Ironisch spie­gele "der für die Ambi­va­lenz von gespro­che­ner und verkör­per­ter Botschaft seiner Figu­ren bekann­te" Toshiki Okada die Gigan­to­ma­nie olym­pi­scher Eröff­nungs­fei­ern: "durch die Verein­ze­lung seiner Akteu­re im gleich­sam riesi­gen Univer­sum des Stadi­ons, beglei­tet durch die spär­li­che Live-Musik von Kazu­hi­sa Uchi­ha­shi. Zugleich banal, skur­ril, zuwei­len auch wehmü­tig wirkt dies alles", schreibt Teresa Grenzmann in der Frankfurter Allgemeinen Zeitung (13.7.2020). Wecke das größtenteils leere Stadi­on anfangs noch die Asso­zia­ti­on an das schwin­den­de Publi­kum in der ersten Zeit der Inten­danz Lili­en­t­hals, so töne später mit dem einstu­dier­ten Frage-Antwort-Wech­sel­ge­sang "Alle Pannen dieser Welt? – Repa­riert Mario!" "even­tu­ell auch das endlich zufrie­de­ne Fazit des Thea­ters in diesem durch die Pande­mie zwar ange­fres­se­nen, durch die leiden­schaft­lich bespiel­te, virtu­el­le Kammer 4 jedoch beherzt aufge­fan­ge­nen fünf­ten, letz­ten Jahr".

"Den großen Raum füllt hier ein ausgemachter Meister des Kleinen", schreibt Sabine Leucht in der taz (13.7.2020). "Okadas Text ist verspielt, manchmal poetisch, teils banal und immer redundant. Doch egal, was die Schauspieler sagen, diese letzte Begegnung mit ihnen geht ans Herz. Neben Deutsch wird Japanisch und Arabisch gesprochen und allmählich diffundiert etwas gemäßigt Wildes in die Dialoge hinein." Die "Opening Ceremony" sei keine sich selbst feiernde Rückschau, "sondern eher ein kleiner, hingefrickelter Gruß an eine vielleicht bessere Zukunft, der dem Spektakel, das es nicht geben durfte, keine Träne hinterherweint".

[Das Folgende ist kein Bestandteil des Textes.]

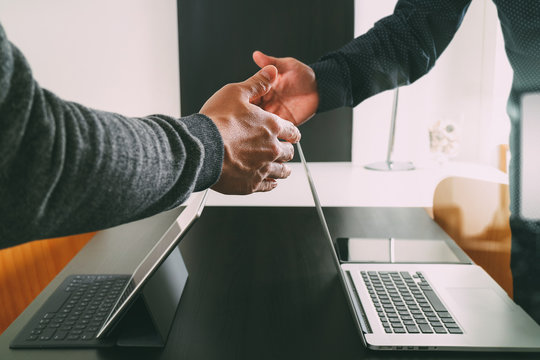 Business partnership meeting concept.photo businessmans handshake. Successful businessmen handshaking after perfect deal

"Den gerechten Abschied – also: den Münchnern letztmals zeigen, was sie verlieren – hatte sich Lilienthal anders vorgestellt." Aber da er keiner sei, der nachträgt und schmollt, mache er der Stadt noch einmal ein Geschenk, schreibt Bernd Noack in der NZZ (14.7.2020). In der schieren Grösse werde das schöne Kleine präsentiert. Im Olympiastadion setze Toshiki Okada mit dem ganzen Kammerspiel-Ensemble eine melancholisch-trotzige Bild- und Wort-Collage in Szene, "die wie ein leises Servus im Gedächtnis bleiben wird." Ein Dutzend Spielfreudige suchen in "Opening Ceremony" nach dem Sinn ihres Spielens und Redens. "Fast zärtlich pflegten sie den Rasen und schwärmten vom bunten Wildwuchs, der durchs sauber gestutzte Grün bricht, um das langweilige Bild von Akkuratesse und Ordnung aufzulockern." Fazi: "Eigentlich hätte Okada seine Inszenierung im Kulturprogramm zu Beginn der diesjährigen Olympischen Spiele in Japan zeigen sollen, aber die wurden ja auch auf 2021 verschoben. Die Fragmente hat er jetzt den Münchnern präsentiert, ohne überraschendes Brimborium, keine Supershow, nur ein wirkliches Kammerspiel in Breitbildformat, wo im grossen, freien Raum die kleinen Sehnsüchte umherschwirren und sich verflüchtigen."